Spelling problem reported by Nathan Stratton Treadway in <http://mm.icann.org/pipermail/tz/2013-September/020121.html>. --- tzfile.h | 8 +++++++- 1 file changed, 7 insertions(+), 1 deletion(-) diff --git a/tzfile.h b/tzfile.h index 63db98e..233563c 100644 --- a/tzfile.h +++ b/tzfile.h @@ -83,12 +83,18 @@ struct tzhead { ** (with nothing between the newlines if there is no POSIX representation for ** such instants). ** -** If tz_version is '3' or greatar, the above is extended as follows. +** If tz_version is '3' or greater, the above is extended as follows. ** First, the POSIX TZ string's hour offset may range from -167 ** through 167 as compared to the POSIX-required 0 through 24. ** Second, its DST start time may be January 1 at 00:00 and its stop ** time December 31 at 24:00 plus the difference between DST and ** standard time, indicating DST all year. +** Third, the newline-enclosed TZ string is preceded by a new section +** consisting of another copy of the string, followed by a four-byte +** integer size value, followed by zero or more NUL-terminated +** name=value byte strings, followed by an additional NUL. The size +** value gives the total size of the name=value byte strings, +** including their terminating NUL bytes, but excluding the additional NUL. */ /* -- 1.8.1.2
One other thing. It's been privately suggested to me, more than once, that a tz binary file should have a version number in it, identifying which version of the tz data it came from. Presumably this could be a new option to 'zic', used by Makefile, e.g., zic -V "$(VERSION)" ... would copy the value of VERSION into the zic output file. Do you think this is a good idea? If so, where would be a good place to put the version information -- a new "version=2013e" line after the POSIX TZ string? If we are bumping from version '2' to 'version '3' anyway, now may be a good time to add this, if it's a good idea to add it that is.

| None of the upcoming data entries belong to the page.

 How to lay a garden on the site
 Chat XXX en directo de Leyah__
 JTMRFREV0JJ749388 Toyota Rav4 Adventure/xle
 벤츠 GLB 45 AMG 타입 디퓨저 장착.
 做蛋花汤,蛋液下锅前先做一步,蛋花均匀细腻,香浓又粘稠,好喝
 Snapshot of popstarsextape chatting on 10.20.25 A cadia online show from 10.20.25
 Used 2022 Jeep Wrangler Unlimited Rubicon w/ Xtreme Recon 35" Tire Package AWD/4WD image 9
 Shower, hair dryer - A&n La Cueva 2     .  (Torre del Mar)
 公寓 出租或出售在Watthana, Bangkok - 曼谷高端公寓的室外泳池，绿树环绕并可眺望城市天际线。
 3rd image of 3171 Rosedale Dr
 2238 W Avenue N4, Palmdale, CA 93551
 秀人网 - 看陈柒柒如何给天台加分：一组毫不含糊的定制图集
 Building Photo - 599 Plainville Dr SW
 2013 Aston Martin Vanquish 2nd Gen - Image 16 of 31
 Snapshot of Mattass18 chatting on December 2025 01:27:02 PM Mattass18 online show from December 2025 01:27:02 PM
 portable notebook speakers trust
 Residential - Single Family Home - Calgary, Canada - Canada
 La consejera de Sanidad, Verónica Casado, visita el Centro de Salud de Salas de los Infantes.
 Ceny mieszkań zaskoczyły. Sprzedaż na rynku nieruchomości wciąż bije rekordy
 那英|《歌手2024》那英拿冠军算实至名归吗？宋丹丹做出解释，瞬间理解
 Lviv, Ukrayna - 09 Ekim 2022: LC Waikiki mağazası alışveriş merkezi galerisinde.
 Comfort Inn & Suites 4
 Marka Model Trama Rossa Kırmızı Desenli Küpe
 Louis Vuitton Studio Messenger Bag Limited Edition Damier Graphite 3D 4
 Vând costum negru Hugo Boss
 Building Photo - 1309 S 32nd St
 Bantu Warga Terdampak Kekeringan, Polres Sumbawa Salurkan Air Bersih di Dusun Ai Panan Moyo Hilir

On Sun, 8 Sep 2013, Paul Eggert wrote:
would copy the value of VERSION into the zic output file.
Do you think this is a good idea?
From my experience from the last 24 hours, I think this would be a good idea.
The DST rules that existed in Israel a year ago, put the end of DST as yesterday (September 8). Since then, the DST rules have been amemded twice (November 2012 and July 2013). Hence, I have been getting e-mails from some people who have a mix of zic output files on their systems with three different change dates (Sep. 8, Oct. 6 and the correct, Oct. 27). A embedded version string would simplify sorting out the various binaries (as opposed to having to check explicit dates usings "zdump -v -c 2014 FILENAME"). _____________________________________ Ephraim Silverberg, CSE System Group, Hebrew University, Jerusalem, Israel. Phone/Fax number: +972-2-5494521
On Sun, 08 Sep 2013, Paul Eggert wrote:
One other thing. It's been privately suggested to me, more than once, that a tz binary file should have a version number in it, identifying which version of the tz data it came from. Presumably this could be a new option to 'zic', used by Makefile, e.g.,
zic -V "$(VERSION)" ...
would copy the value of VERSION into the zic output file.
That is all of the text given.